The result is a carte blanche for creative prosecutor. You might be committing a federal crime if you tell your employer you're sick so you can play hookey and go to a ballgame. That's not as outlandish an example as it might appear. Two years ago a Wisconsin official was convicted under the statute for recommending a travel agency for a state contract because she believed it would benefit the governor's campaign for re-election. The court of appeals was so astounded by the result that it reversed the conviction and ordered the woman released twenty minutes after it heard oral argument in the case.
This year, the Court is confronting no fewer than three cases involving the honest services statute. Two were argued last week. Black v. US involves Conrad Black's conviction for some finagling with his financial compensation package at a company he owned. Weyhrauch v. US is an offshoot of Alaskan Sen. Ted Stevens' corruption trial; Weyhrauch is alleged to have traded his vote in the Alaskan House for a future job with an oil services company.
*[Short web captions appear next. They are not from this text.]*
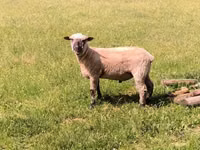 كبش, Shroshire sheep — الصورة 4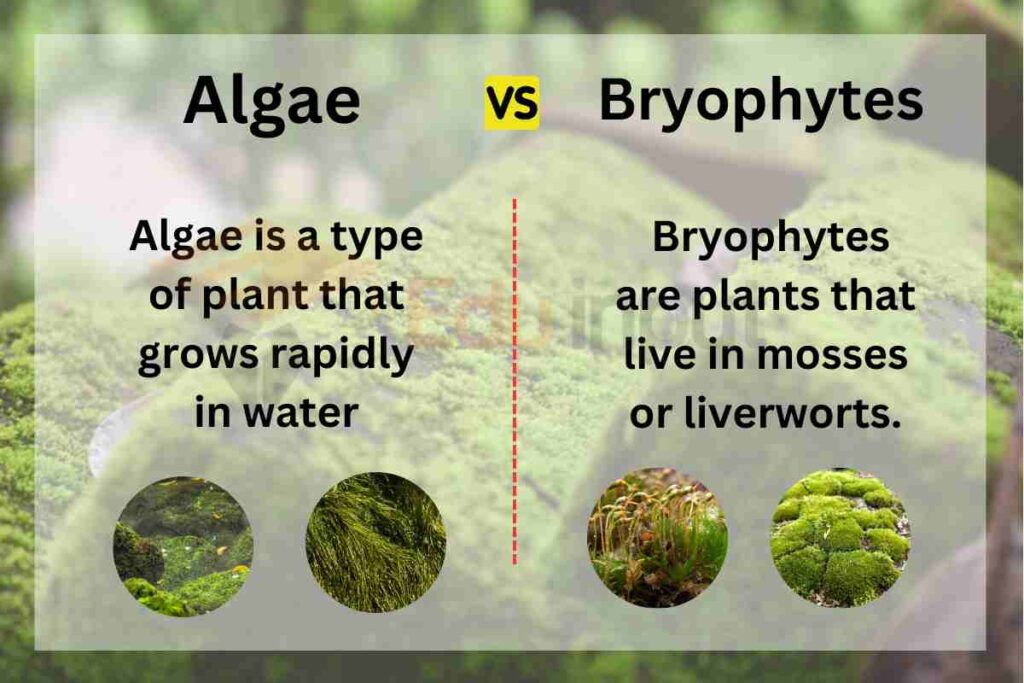 Difference between algae and bryophytes image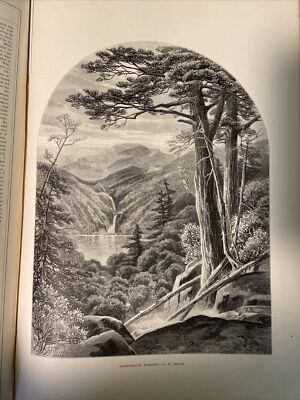 Exceptional 1871-1872 The Aldine Typographic Art Journal Volume IV; Adirondacks-image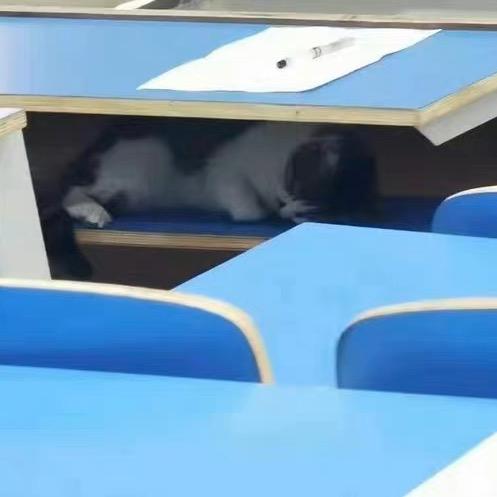 飞AAAAA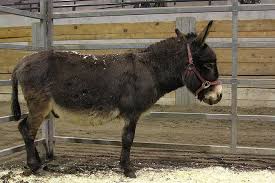 Donkey Vs Mule Difference And Comparison Diffen Horses Donkey Donkey Mules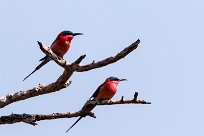 Southern Carmine Bee-eater (Guêpier carmin) Southern Carmine Bee-eater (Guêpier carmin)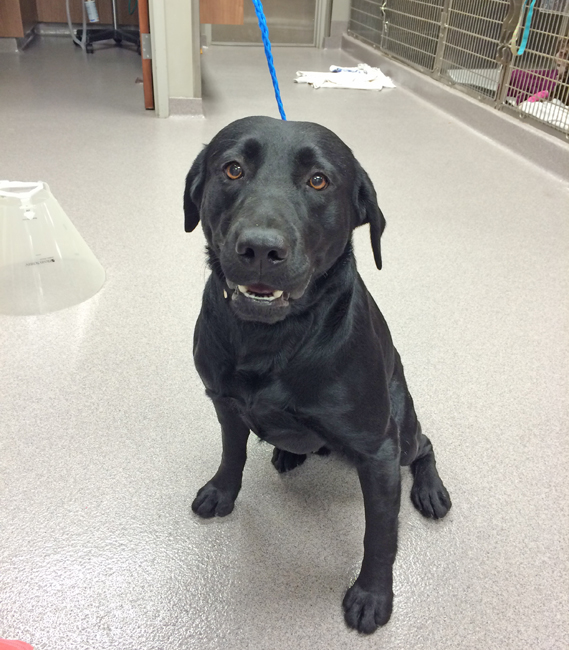 LFS_AvailableDog2014_Jonathan14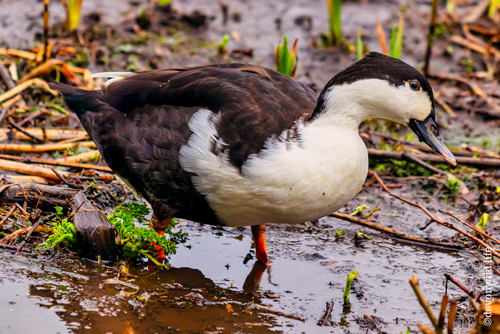Just Not Giving A Duck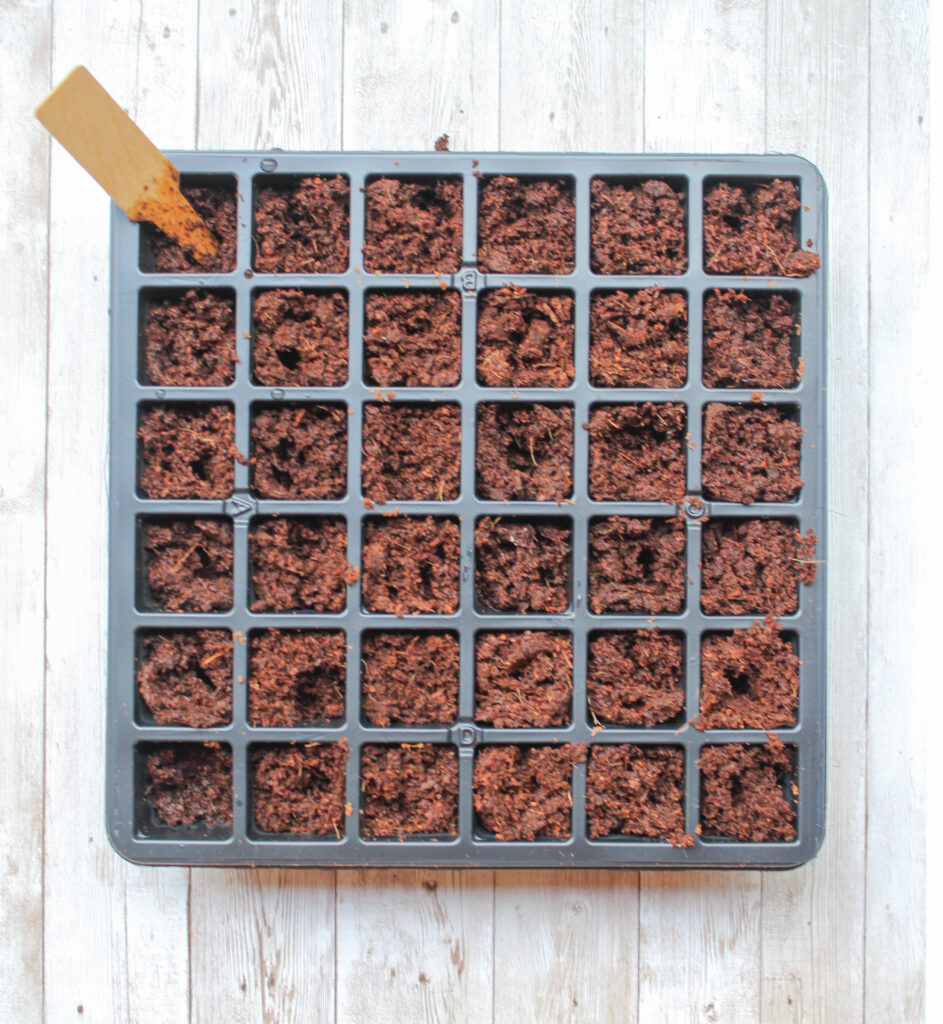A seed-starting tray filled with seed-starting mix!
Much of the argument focused on the intricacies of the statute: Black's lawyer argued that the law should require some proof of economic harm, while Weyhrauch's attorney contended that the fact his client didn't violate any state disclosure laws should have precluded conviction. But foremost on the justices' minds seemed to be the constitutional issue: that the law was so vague it could comprehend virtually any activity. Justice Breyer probably focused on the issue most directly:
Every agent has a duty of loyalty to provide loyal and honest services to the master. . . Every worker is an agent of his master, the employer. So every instance in which a worker does not provide honest services to the employer, he has met your test [for prosecution]. I think there are 300 -- perhaps there are 150 million workers in the United States. I think possibly 140 of them would flunk your test.
Interestingly, the constitutional issue wasn't squarely presented in the two cases last week, but it is the centerpiece of the briefs that were filed last week in the third case, involving Jeff Skilling, the prize catch in the Enron prosecutions. Oral argument isn't scheduled for that case until March, though, and so there's some question as to how the Court might want to handle that: call for rebriefing on Black and Weyhrauch? Wait to issue a decision in those cases until after Skilling is argued?
Whatever course the Court takes, it's likely that the "honest services" statute will get a major makeover, if not a complete gutting. That's all to the good. As we residents of Cuyahoga County have learned over the past year or so, there's certainly no dearth of public corruption, and there would be no small measure of satisfaction among us if those who supped overlong at the public teat got their comeuppance.
But it appears that there's a price to be paid for that, and the price is rampantly overzealous prosecutions, and downright dishonest ones. The prosecution and conviction of former Alabama Governor Donald Siegelman has since raised so many questions that more than fifty state attorneys general, many of them Republicans, signed a petition asking that Congress investigate the prosecution and trial. The topper was when the federal judge who had presided over Sen. Stevens trial not only dismissed the charges because of prosecutorial misconduct, but ordered an investigation of the prosecutors to determine whether they themselves should face charges.
Although it appears that the window for charging them with honest services fraud is rapidly closing.